» **Exercise instructions**: Leave out the pictures and output exactly the lines below from the one with "Used 2024 Jeep" down to the one with "3 Bedroom Semi-Detached", both of them included.

» **Records shown**:

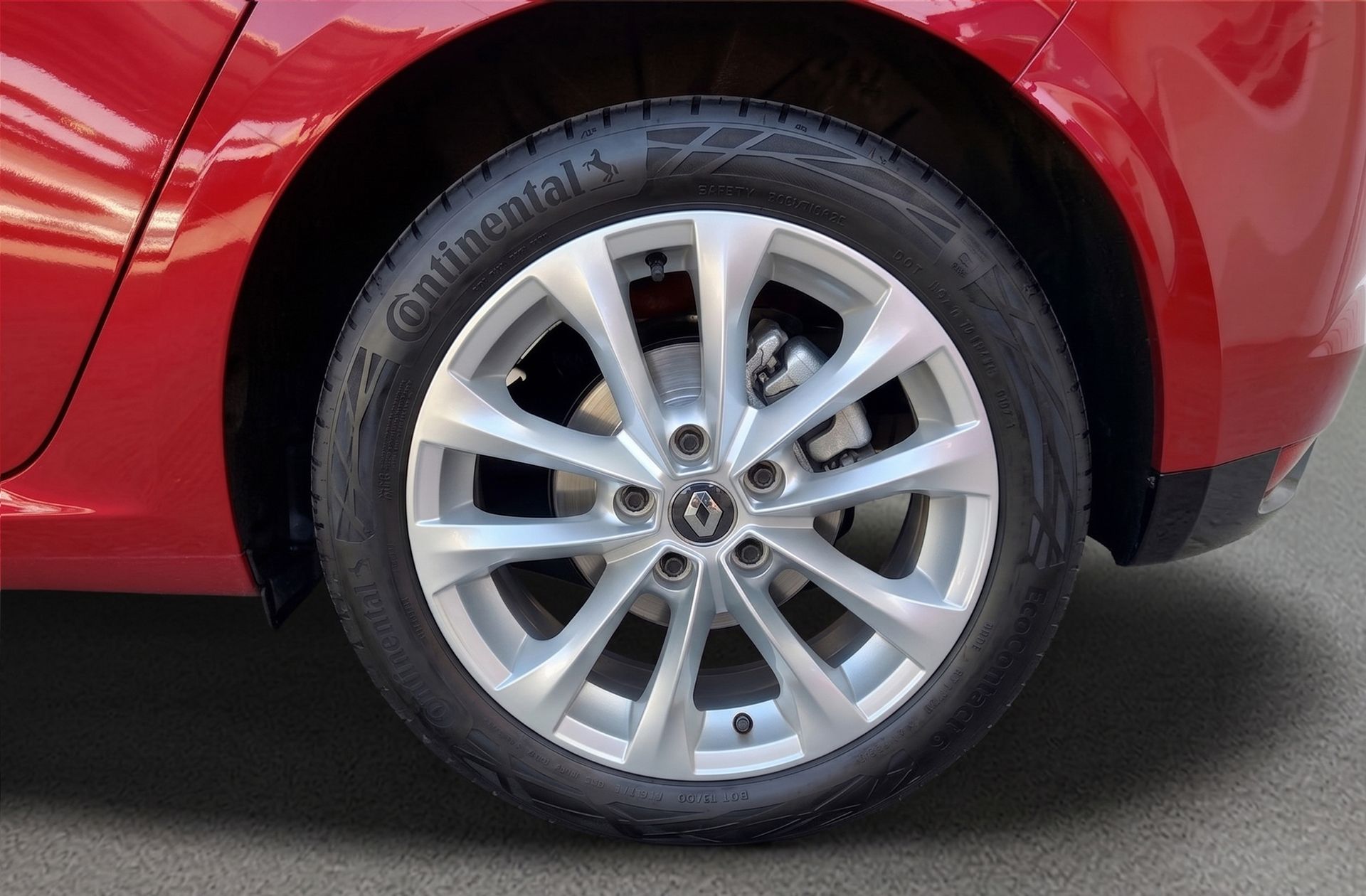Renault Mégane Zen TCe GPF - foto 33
...
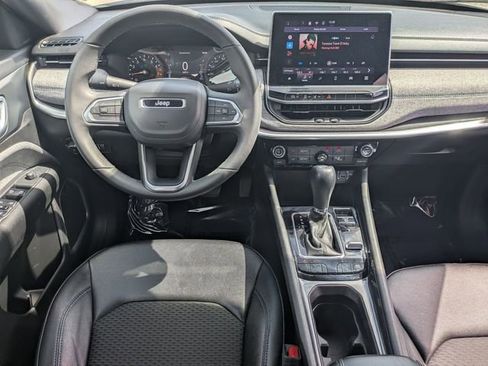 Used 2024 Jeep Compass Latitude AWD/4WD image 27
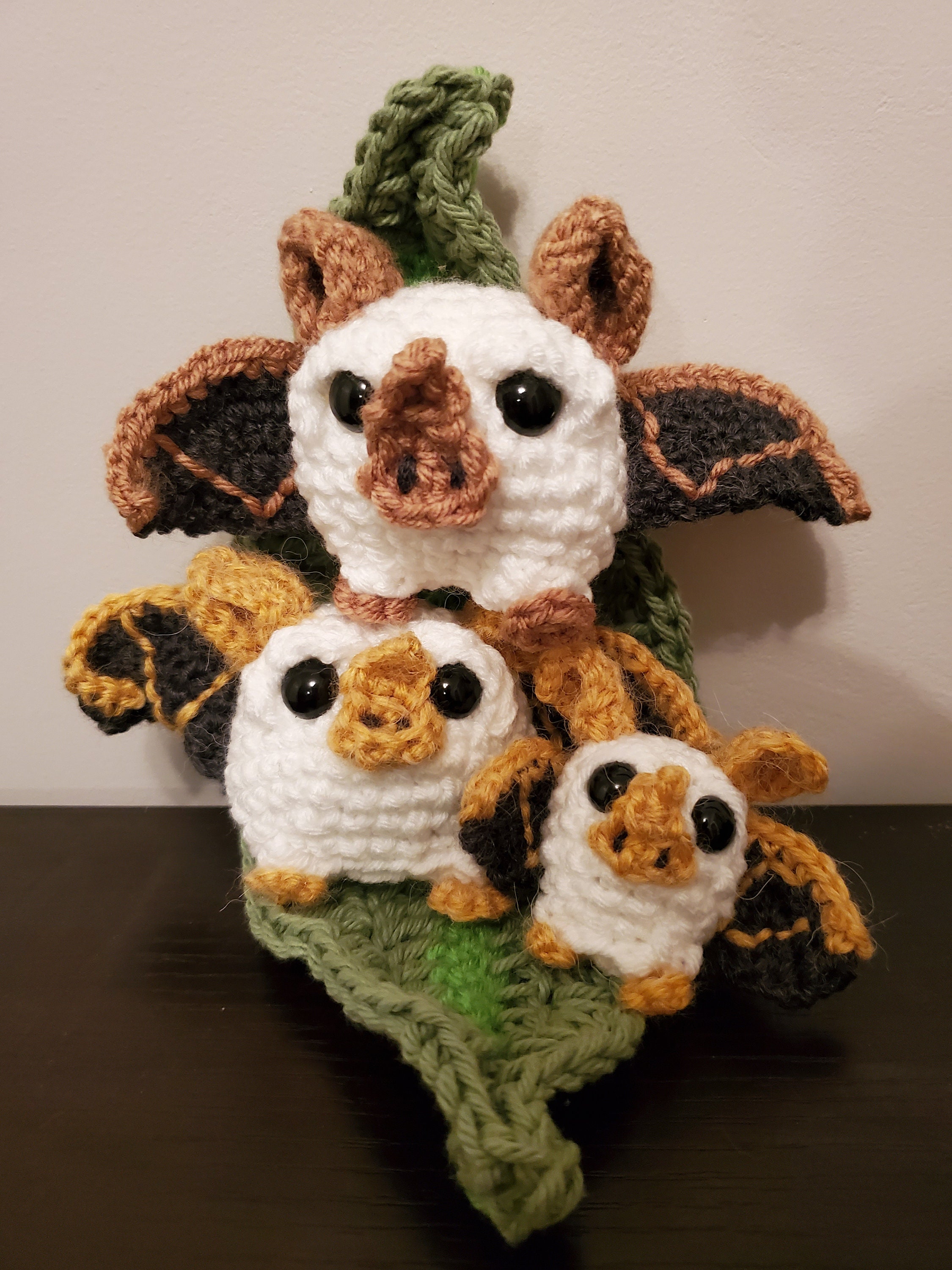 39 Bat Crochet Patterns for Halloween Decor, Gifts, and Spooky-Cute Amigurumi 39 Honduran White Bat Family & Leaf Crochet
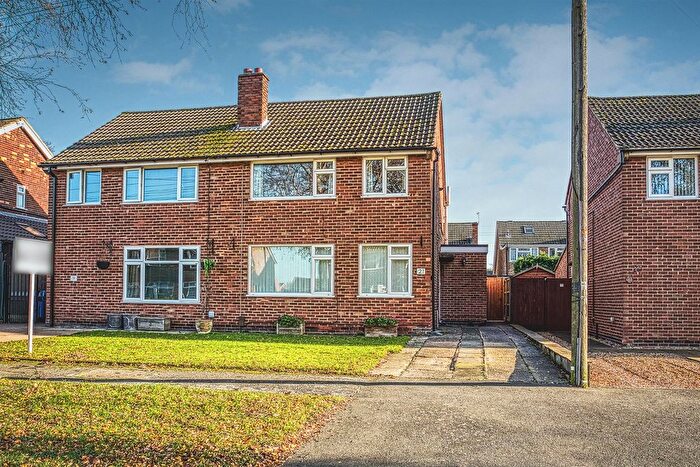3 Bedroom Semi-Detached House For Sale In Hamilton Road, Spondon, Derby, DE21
---
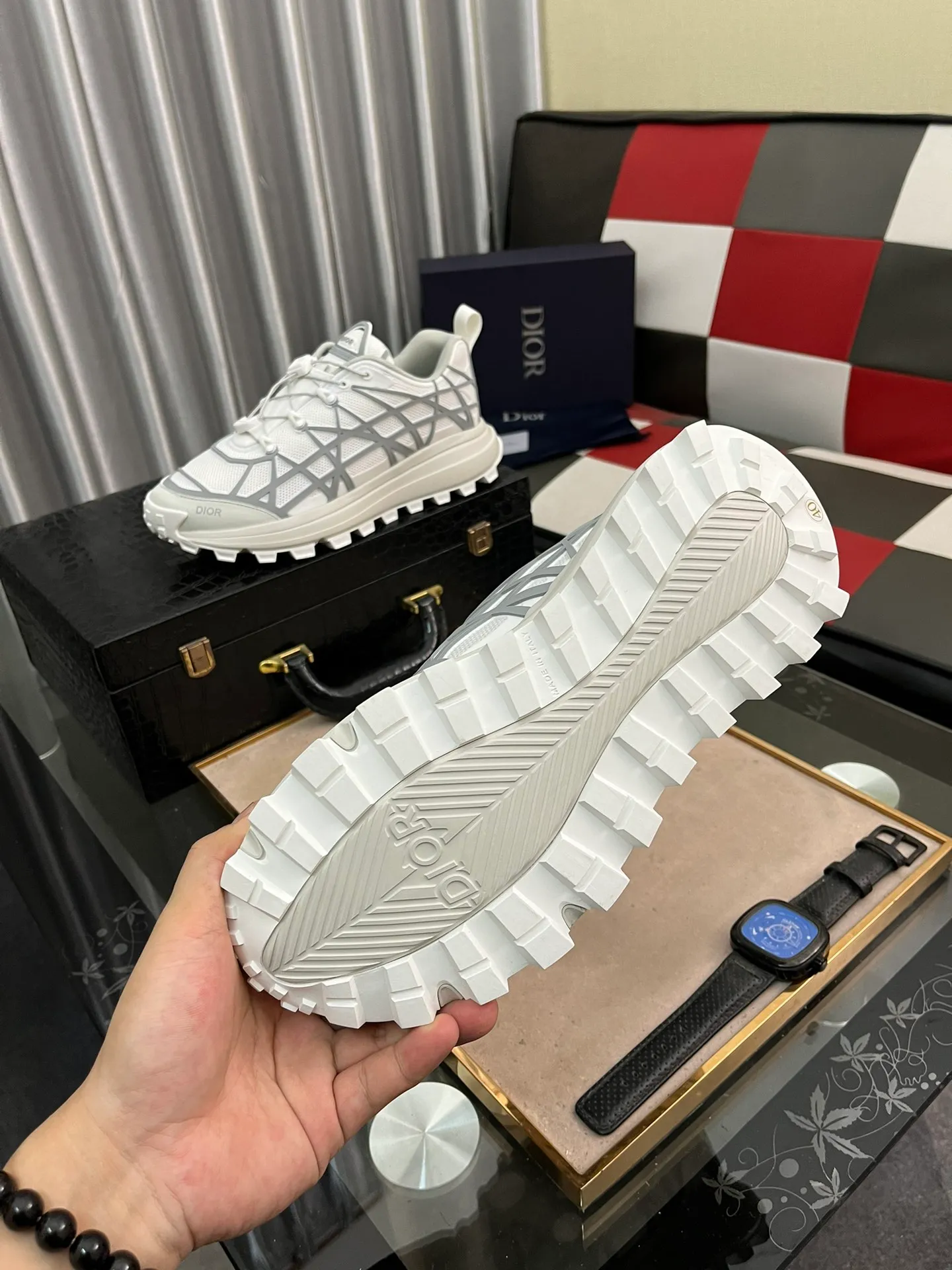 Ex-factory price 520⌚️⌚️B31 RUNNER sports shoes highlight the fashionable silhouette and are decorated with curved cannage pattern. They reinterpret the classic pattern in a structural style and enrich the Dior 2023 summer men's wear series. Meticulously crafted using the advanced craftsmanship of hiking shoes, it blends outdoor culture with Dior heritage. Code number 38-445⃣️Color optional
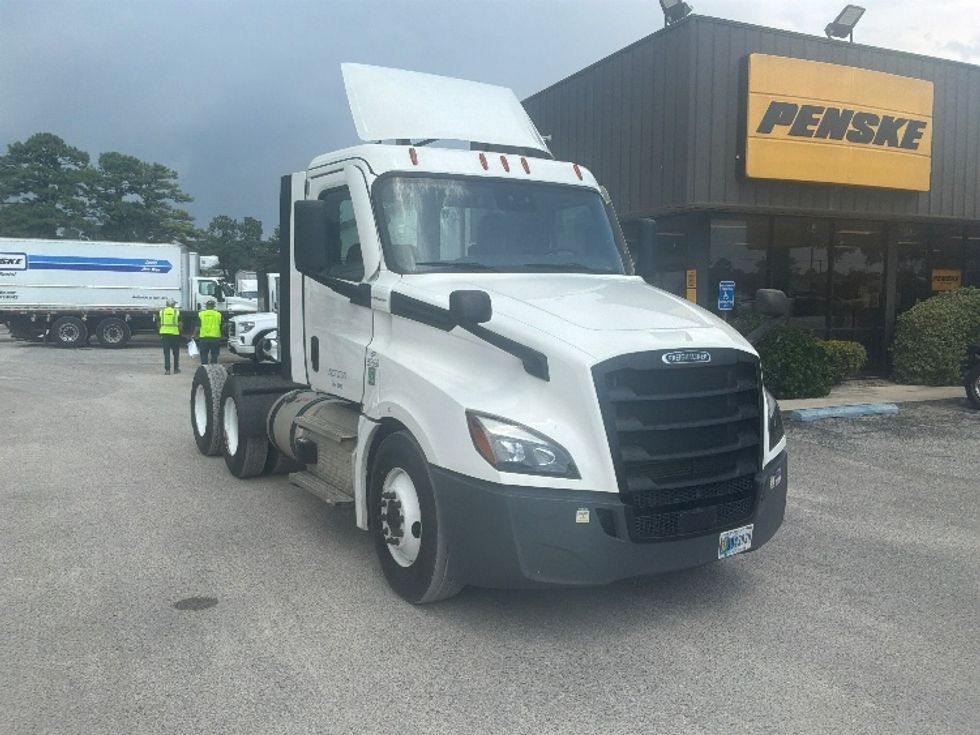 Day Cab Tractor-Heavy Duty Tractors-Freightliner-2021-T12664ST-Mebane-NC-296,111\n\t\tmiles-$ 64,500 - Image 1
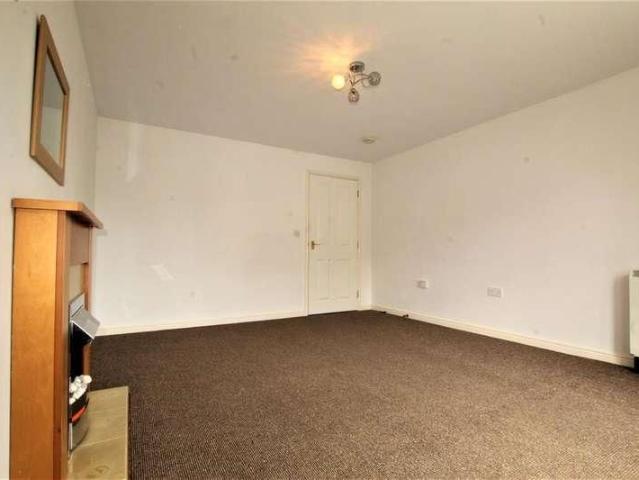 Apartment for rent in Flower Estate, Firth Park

» **Your solution**:
 Used 2024 Jeep Compass Latitude AWD/4WD image 27
 39 Bat Crochet Patterns for Halloween Decor, Gifts, and Spooky-Cute Amigurumi 39 Honduran White Bat Family & Leaf Crochet
3 Bedroom Semi-Detached House For Sale In Hamilton Road, Spondon, Derby, DE21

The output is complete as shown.